Returns an iterator to flatten the state transition matrix into a list.

data() List[List[str, int, ...]][source]

Returns the data table with the counted state transitions between the states of the statemachine.

table(**kwargs) plotly.graph_objs._figure.Figure[source]

Returns a table figure for the state transition matrix of the statemachine.

plot(**kwargs) plotly.graph_objs._heatmap.Heatmap[source]

Returns a heatmap plot for the state transition matrix of the statemachine.

heatmap(**kwargs) plotly.graph_objs._figure.Figure[source]
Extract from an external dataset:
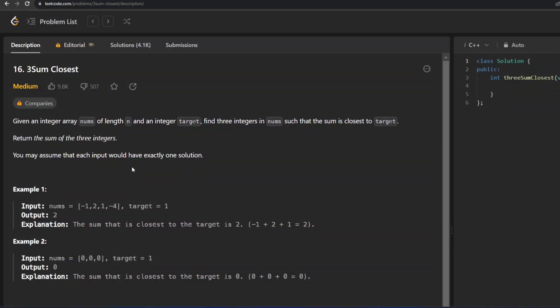Hey guys, welcome back to my channel TechCoders. Today we are going to solve question number 16 of LeetCode, that is 3Sum Closest.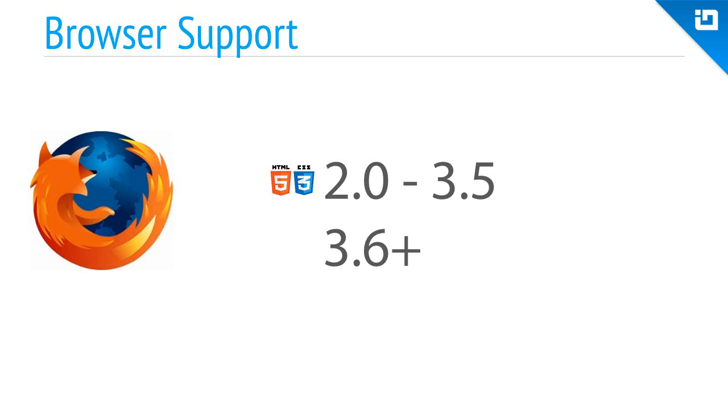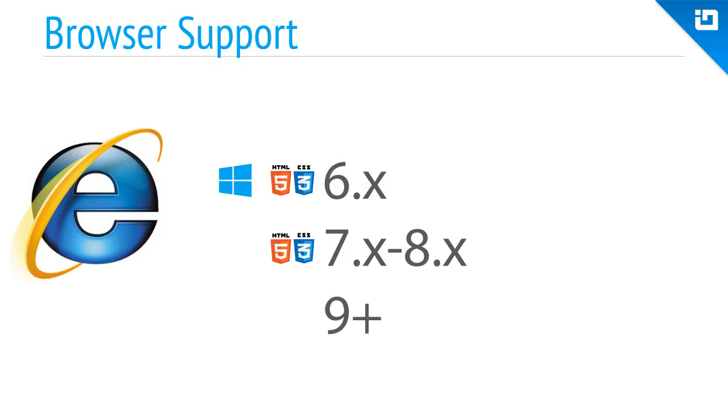Support begins for IE6 on Windows with feature detection, and then version 7 and 8 on all other operating systems, again using feature detection. Version 9 and above, Ignite UI works right out of the box.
Returns a heatmap figure for the state transition matrix of the statemachine.

flowchart(**kwargs) plotly.graph_objs._sankey.Sankey[source]

Returns a sankey flow-chart plot for the state transition matrix of the statemachine.

Converters

as_traces

signalyzer.as_traces(samples: List[Dict[str, Any]]) Dict[str, List[Any]][source]

Converts the list of samples into the trace format.